# Exercise data
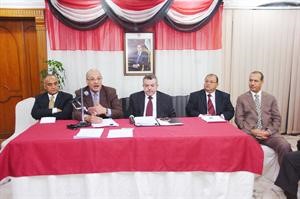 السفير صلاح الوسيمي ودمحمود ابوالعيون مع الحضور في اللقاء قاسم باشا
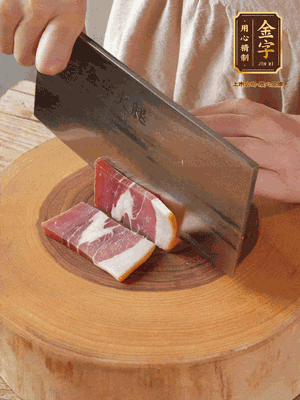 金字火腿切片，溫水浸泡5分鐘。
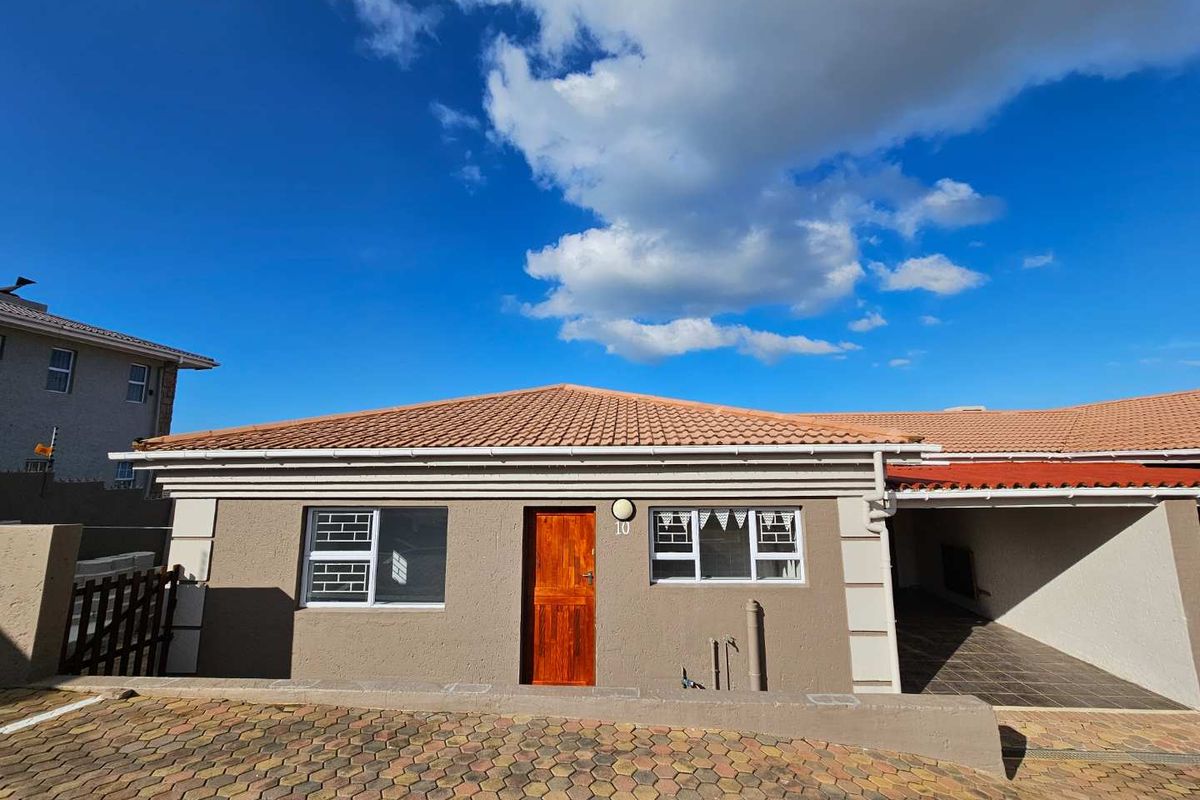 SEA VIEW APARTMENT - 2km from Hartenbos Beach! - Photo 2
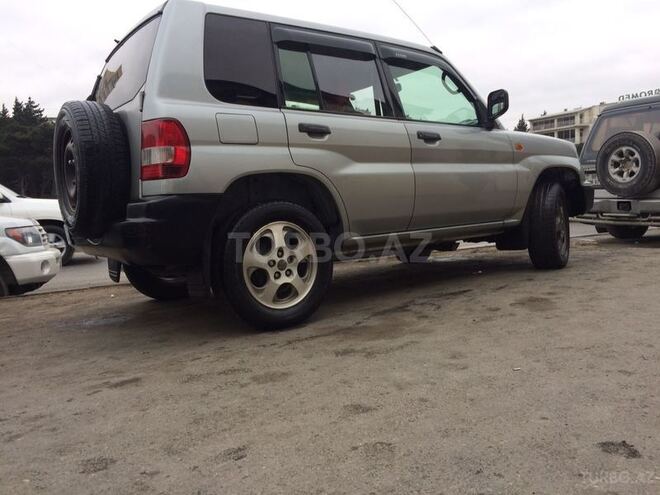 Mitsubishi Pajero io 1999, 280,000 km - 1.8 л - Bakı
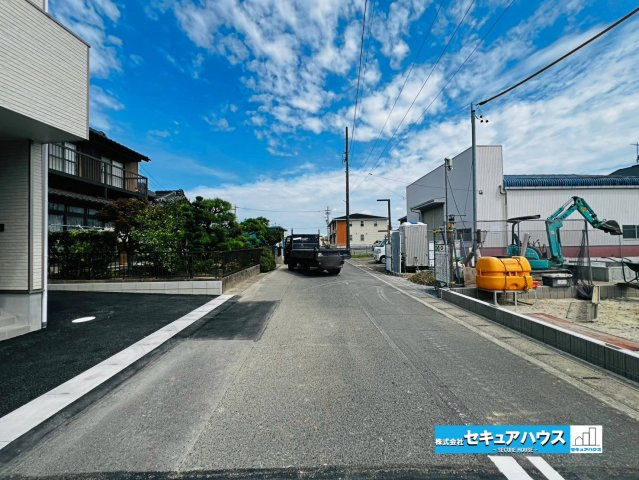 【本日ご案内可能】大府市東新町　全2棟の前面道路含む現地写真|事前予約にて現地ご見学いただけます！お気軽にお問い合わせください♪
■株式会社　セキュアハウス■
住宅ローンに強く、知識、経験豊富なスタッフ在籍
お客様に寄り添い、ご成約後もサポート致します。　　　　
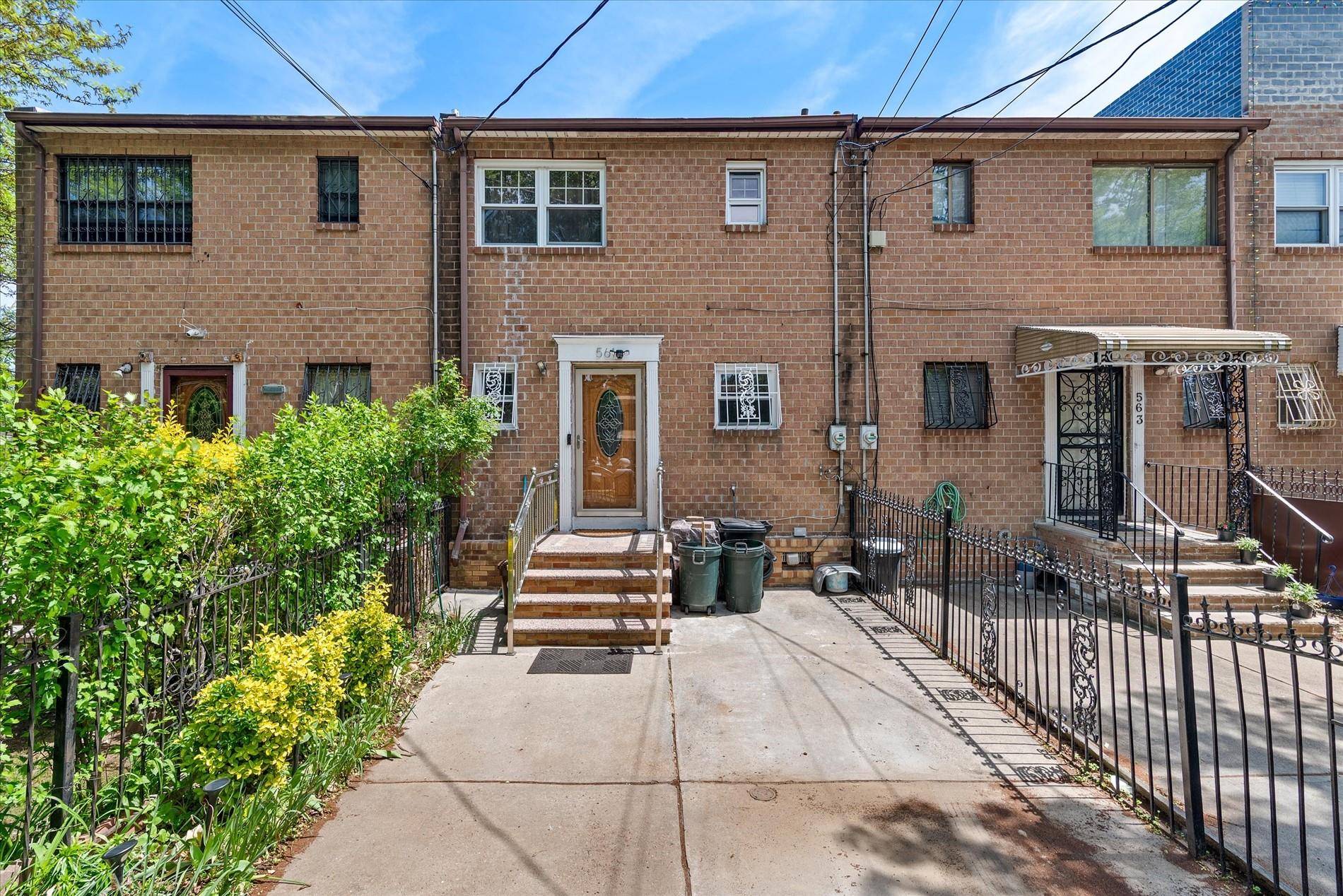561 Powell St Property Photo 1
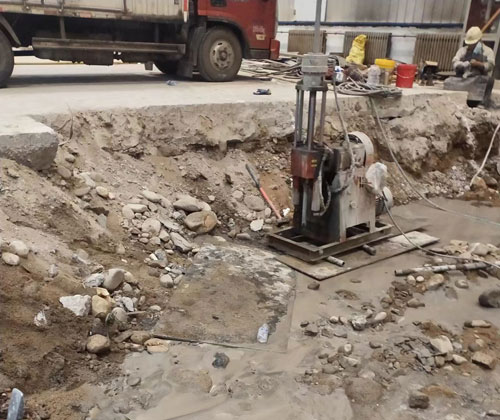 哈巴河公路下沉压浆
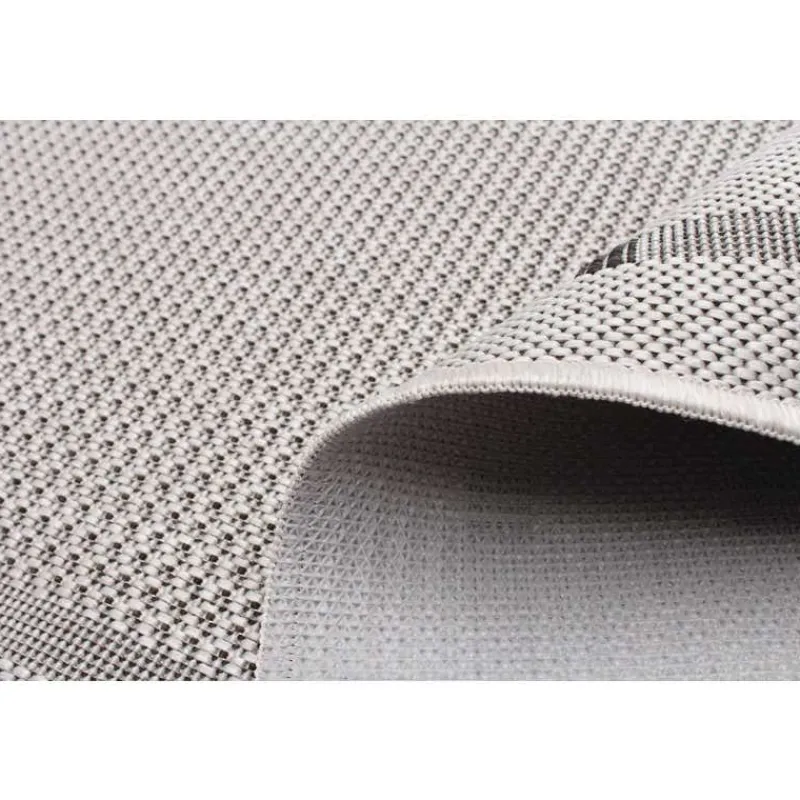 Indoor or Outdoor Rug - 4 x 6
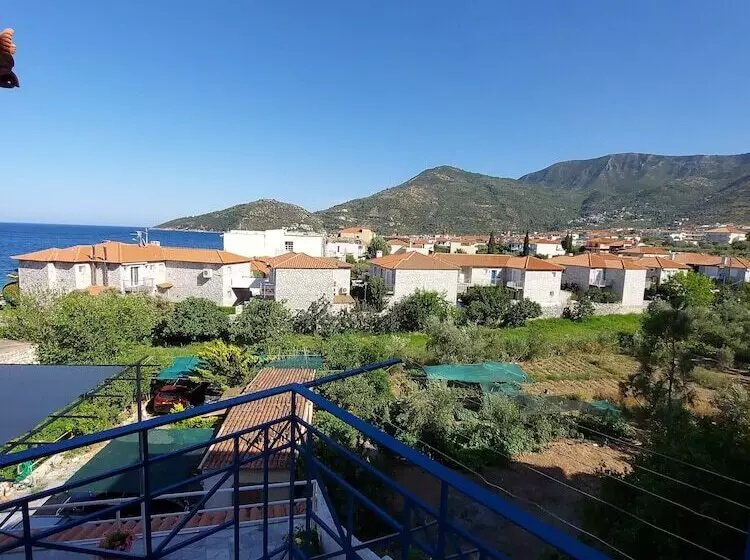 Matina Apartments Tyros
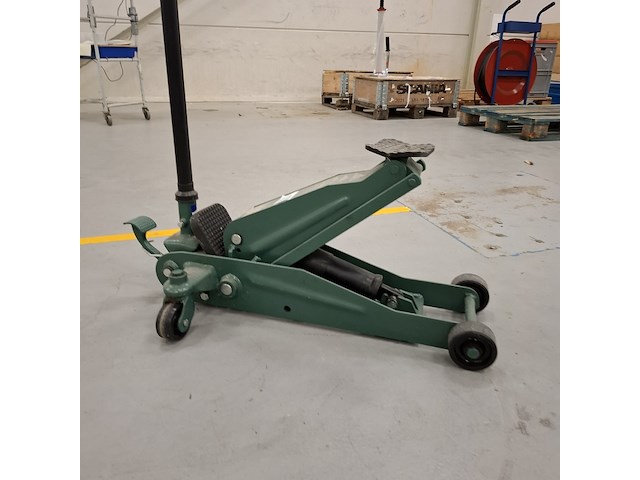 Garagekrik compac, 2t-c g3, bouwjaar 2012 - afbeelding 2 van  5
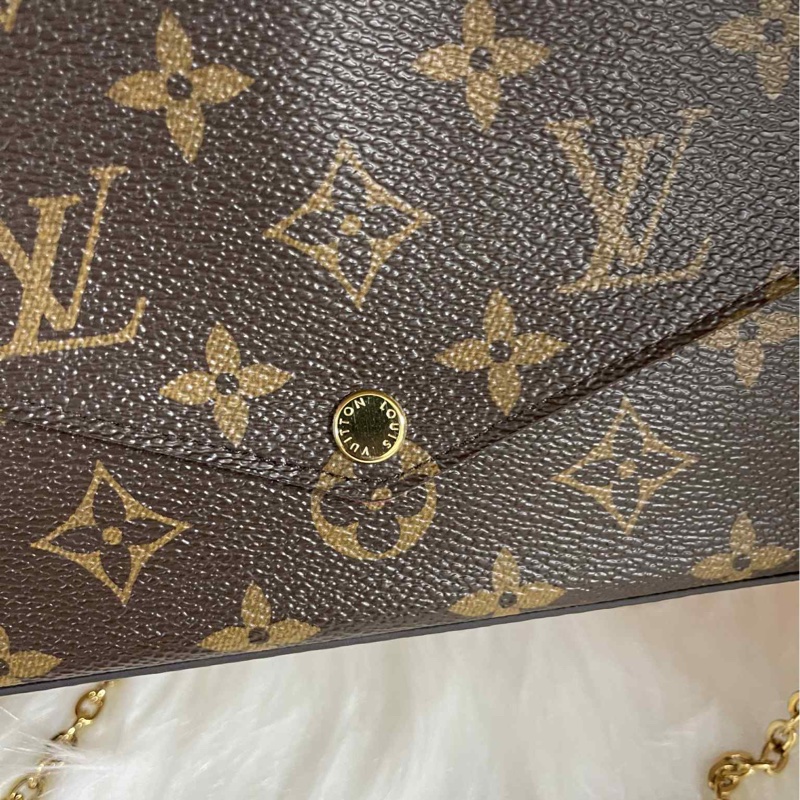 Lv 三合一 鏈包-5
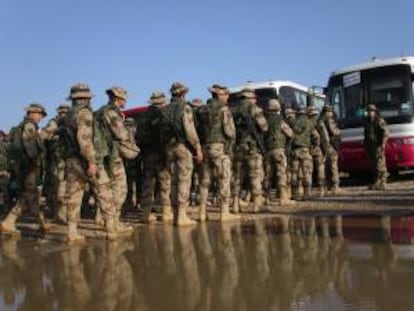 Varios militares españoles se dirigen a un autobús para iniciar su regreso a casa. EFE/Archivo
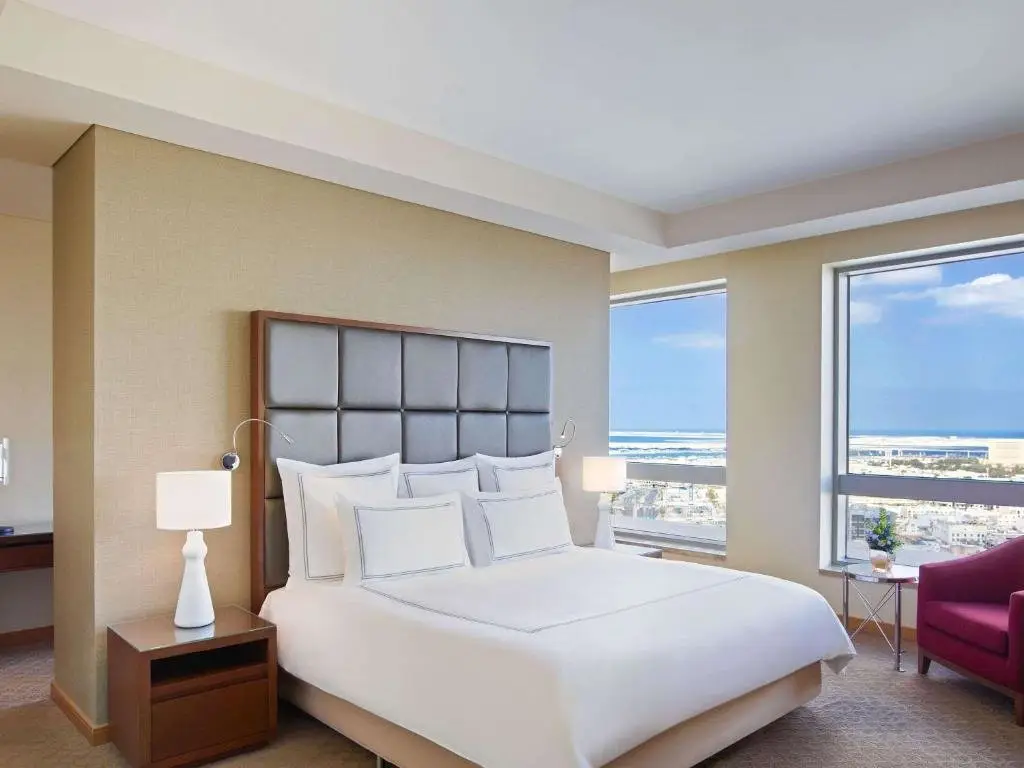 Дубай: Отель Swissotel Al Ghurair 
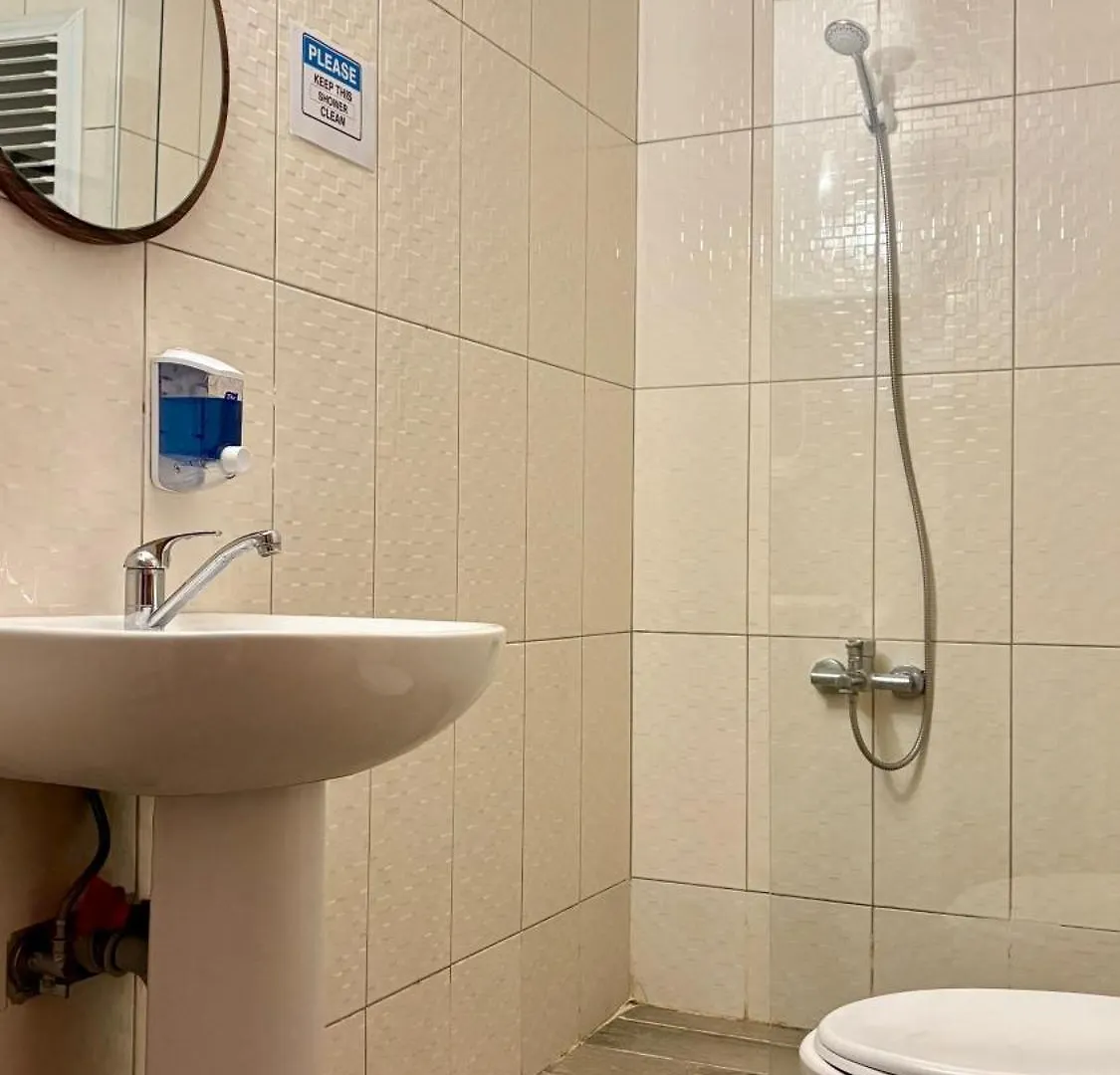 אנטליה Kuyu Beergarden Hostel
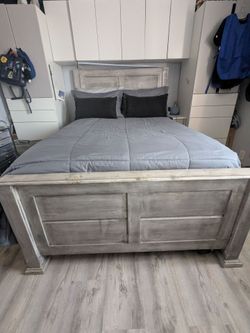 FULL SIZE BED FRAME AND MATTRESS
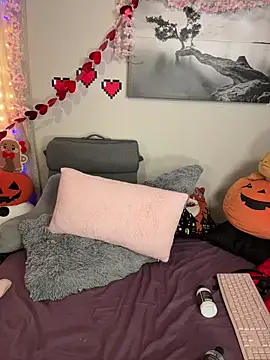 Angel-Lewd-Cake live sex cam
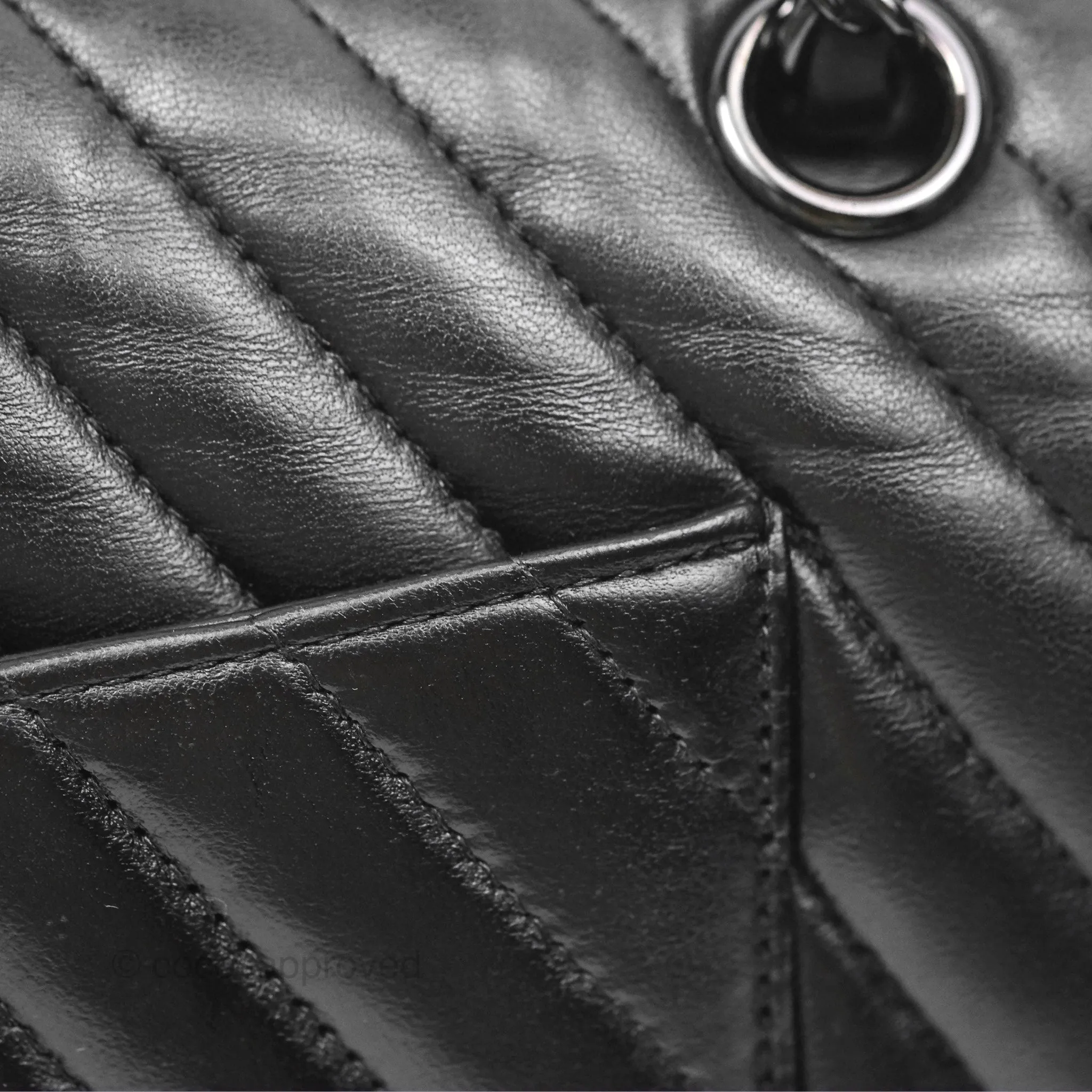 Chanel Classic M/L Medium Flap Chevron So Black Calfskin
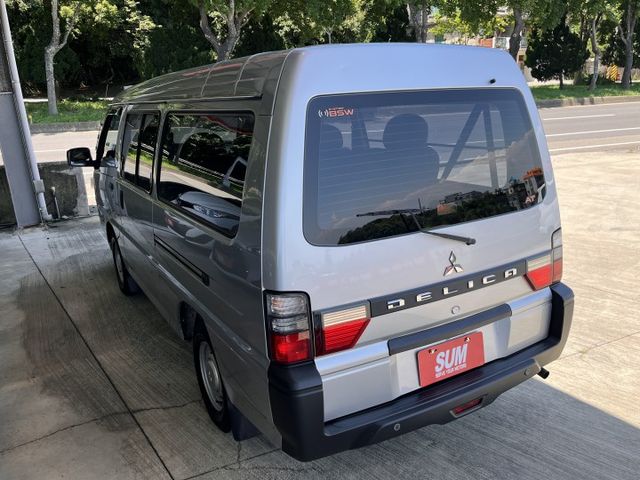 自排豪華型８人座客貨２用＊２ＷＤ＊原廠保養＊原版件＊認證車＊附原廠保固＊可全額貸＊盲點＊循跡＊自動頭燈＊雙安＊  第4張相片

# Description of the task
The lines to retype run from the one containing "Garagekrik compac, 2t-c" through the last line of the records above; write them exactly and skip the pictures.

# Result for this exercise
 Garagekrik compac, 2t-c g3, bouwjaar 2012 - afbeelding 2 van  5
 Lv 三合一 鏈包-5
 Varios militares españoles se dirigen a un autobús para iniciar su regreso a casa. EFE/Archivo
 Дубай: Отель Swissotel Al Ghurair 
 אנטליה Kuyu Beergarden Hostel
 FULL SIZE BED FRAME AND MATTRESS
 Angel-Lewd-Cake live sex cam
 Chanel Classic M/L Medium Flap Chevron So Black Calfskin
 自排豪華型８人座客貨２用＊２ＷＤ＊原廠保養＊原版件＊認證車＊附原廠保固＊可全額貸＊盲點＊循跡＊自動頭燈＊雙安＊  第4張相片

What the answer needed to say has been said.